== SOURCE DATA
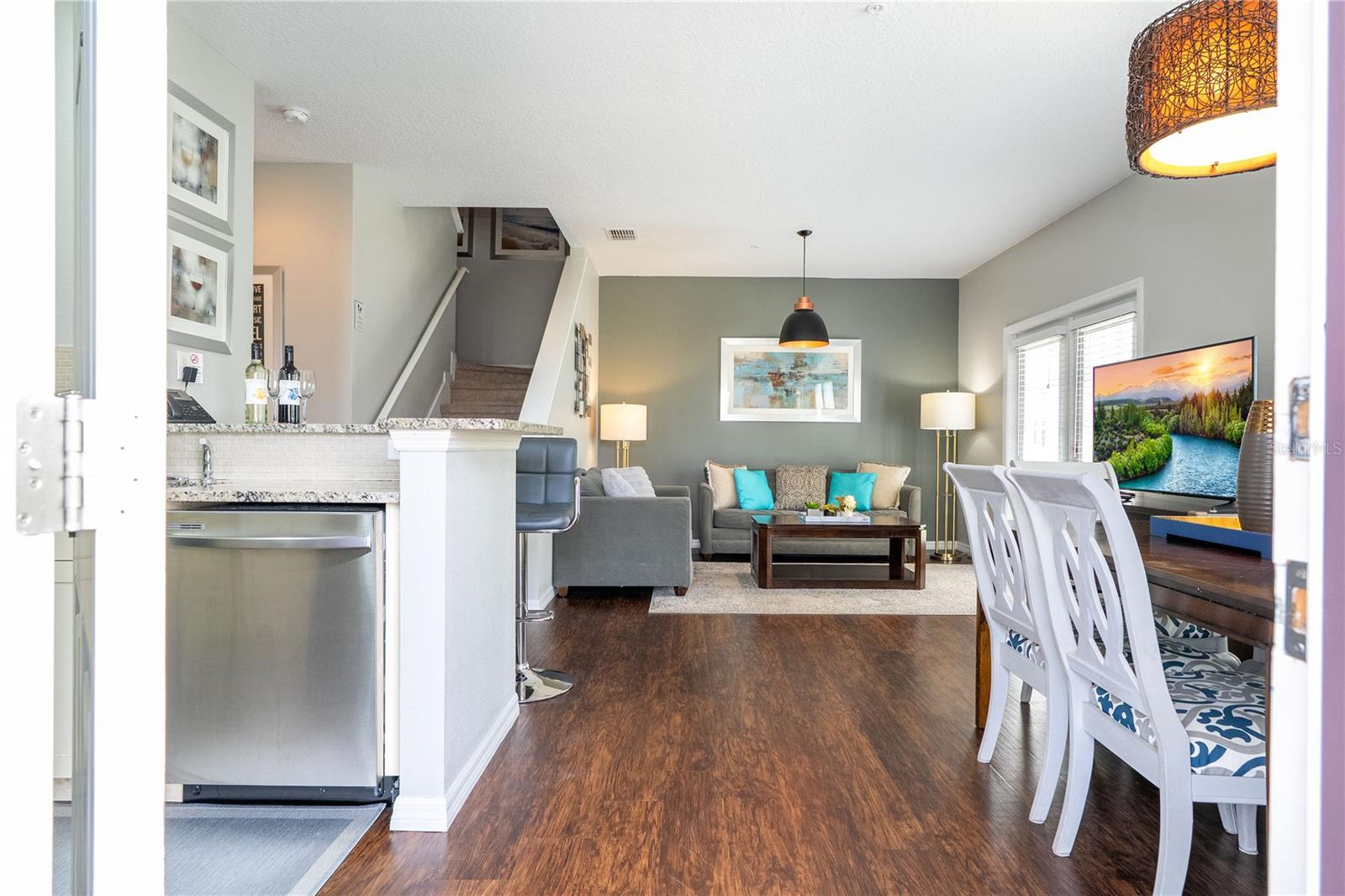 9008 Shine Dr Property Photo 8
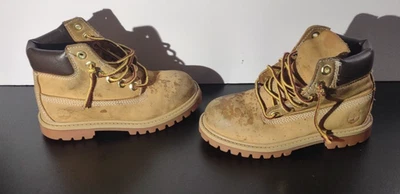 Timberland 6" pulgadas Botas para niños pequeños Trigo Nubuck Talla 10 *Justas* Foto 1 de 4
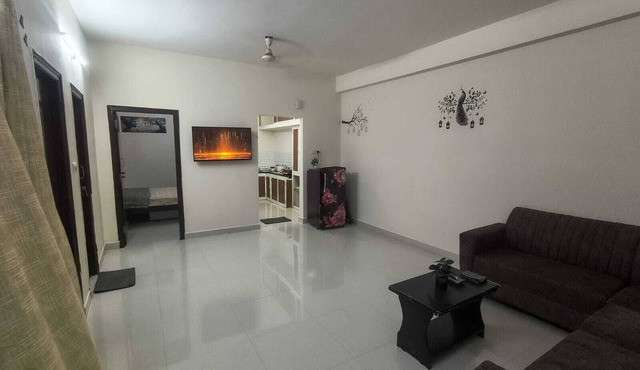 Luxury 900sq ft 1BHK in Madhapur , Near Hitech City.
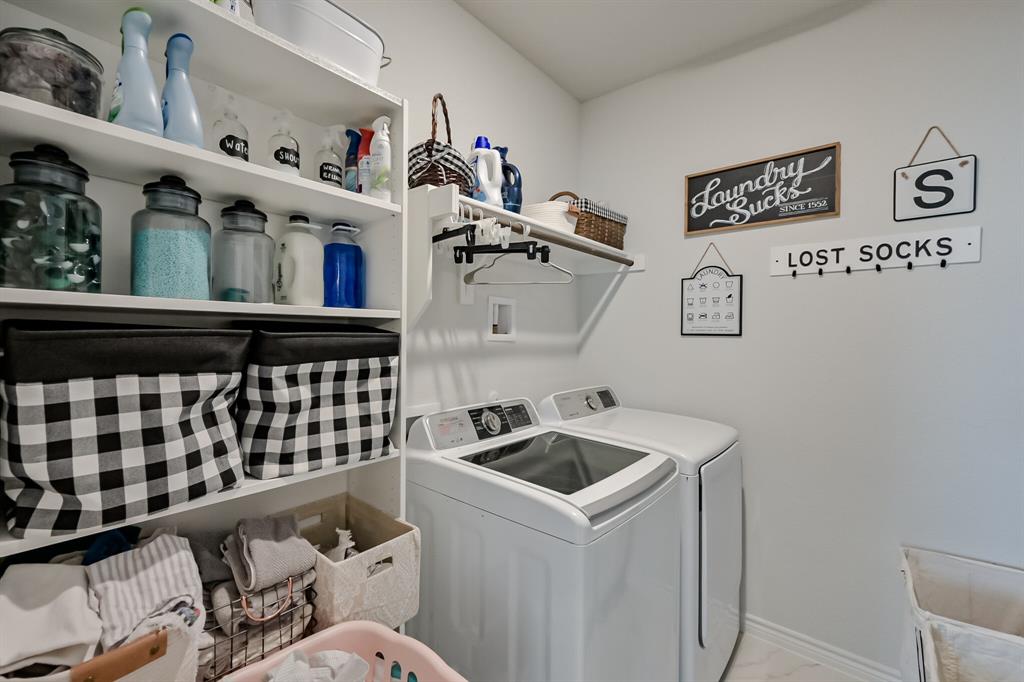 Brook Mdw - Residential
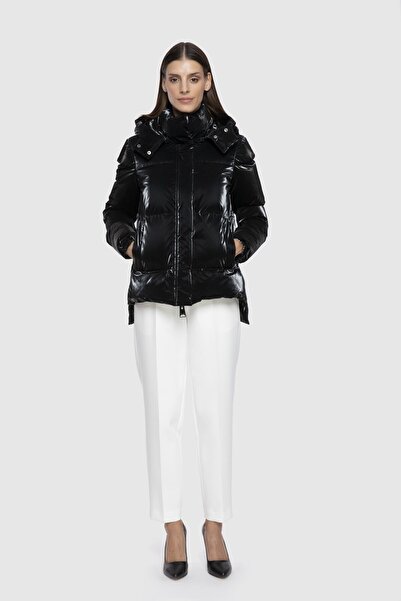 GİZİA Kapuşonlu Kısa Siyah Spor Şişme Mont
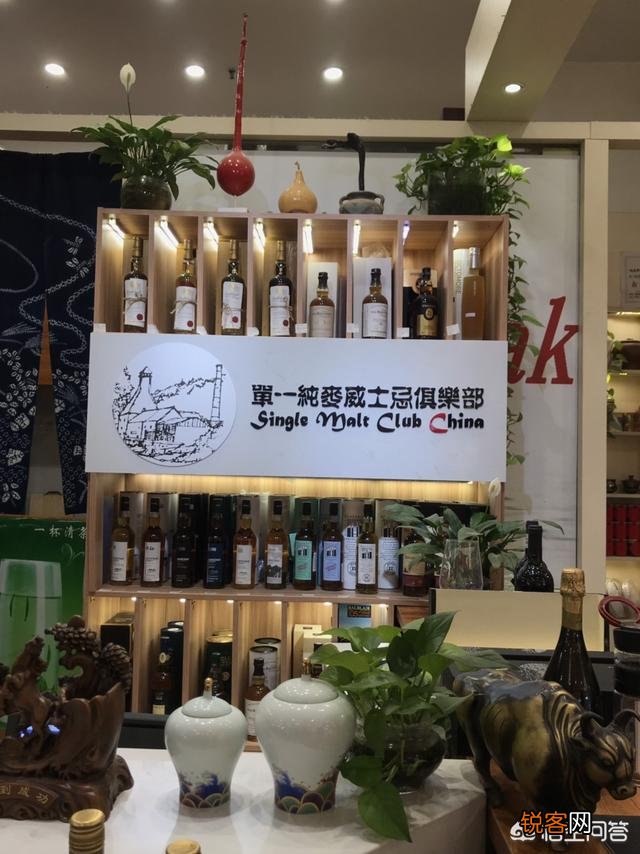 lv包包受到很多人的喜爱,是因为时尚还是奢侈？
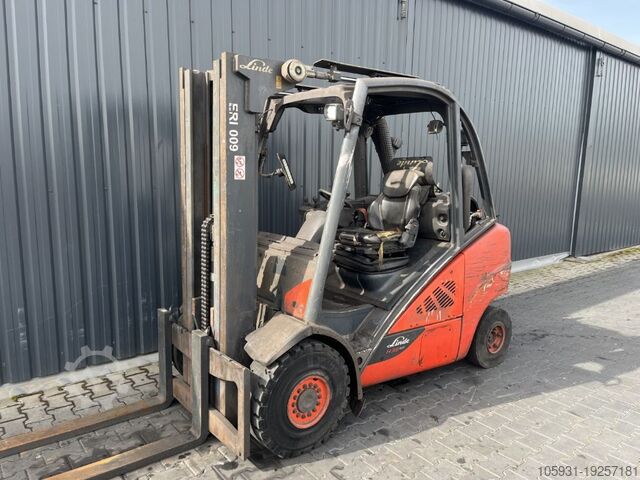 LPG-vorkheftruck Linde H35T-02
====
* _YOUR ASSIGNMENT_:
With the pictures left out, copy exactly the lines from the one containing "Luxury 900sq ft" through the final line of the records above, both included.

* _SOLUTION FOR THIS EXERCISE_:
 Luxury 900sq ft 1BHK in Madhapur , Near Hitech City.
 Brook Mdw - Residential
 GİZİA Kapuşonlu Kısa Siyah Spor Şişme Mont
 lv包包受到很多人的喜爱,是因为时尚还是奢侈？
 LPG-vorkheftruck Linde H35T-02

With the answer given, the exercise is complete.